Underpinning hopes for a potential fifth low-carbon iron production facility in Oman is a binding term-sheet agreement signed recently by ACME Group with Stavian Industrial Metal — part of a prominent Vietnam-based business group — covering the long-term sale and purchase of 0.8 Mtpa of green iron feedstock (HBI and DRI) on a take-or-pay / supply-or-pay basis for a period of 10 years.
ACME said the term sheet will be followed by an offtake agreement under which it will supply low-carbon feedstock from a greenfield, low-emission, renewable and hydrogen-ready plant currently under planning.
Commenting on the pact with Stavian Industrial Metal, Manoj Kumar Upadhyay, Chairman of ACME Group, said: “Our green HBI and DRI project underscores ACME’s unwavering commitment as a leader of clean technology solutions in India. We take pride in spearheading innovation within the clean energy sector, including green hydrogen and its derivatives. We are delighted to establish a long-term partnership with Stavian Industrial Metal to deliver sustainable solutions to hard-to-abate sectors such as steel manufacturing. Our greenfield facility will produce some of the lowest-carbon-emission green HBI and DRI products.

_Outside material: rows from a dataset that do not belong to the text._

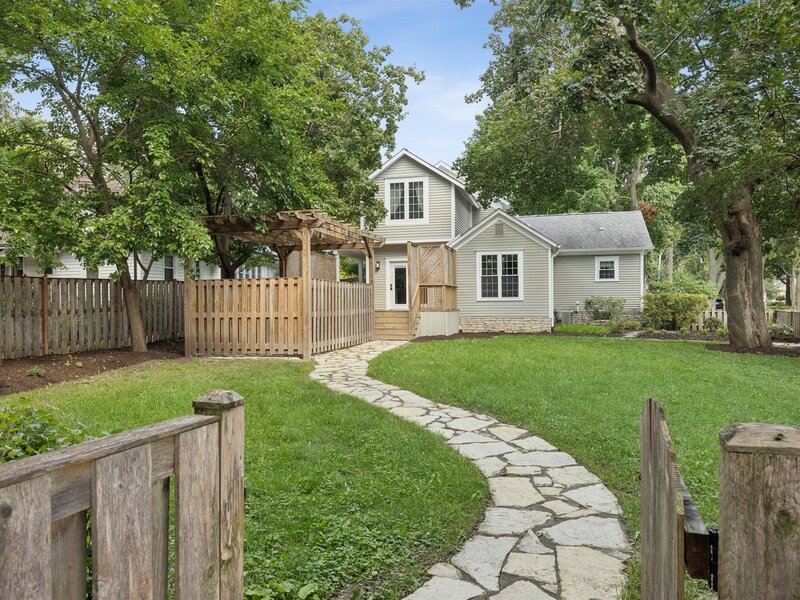 110 S Walkup Avenue Crystal Lake IL 60014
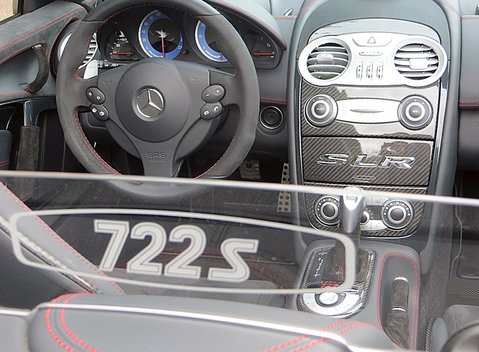 Mercedes-Benz SLR McLaren Roadster 722 S 9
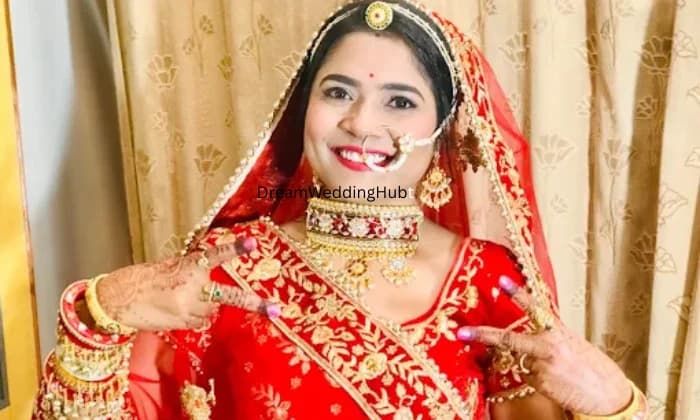 The look Out Unisex Salon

This collaboration marks a significant milestone in ACME’s integration of green steel into our portfolio as part of our strategic business expansion”.
David Nguyen Minh Tu, Chairman of Stavian Industrial Metal, stated: “The partnership between Stavian Industrial Metal and ACME is not merely a commercial agreement, but a testament to our shared responsibility in realising the Net Zero goals — by 2050 for Vietnam and 2070 for India. With a solid foundation, strong financial capacity and an ecosystem of over 20,000 customers across more than 100 countries, Stavian Industrial Metal is committed to working alongside global partners to build a more sustainable and greener steel industry — for the shared future of Vietnam, India and the world”.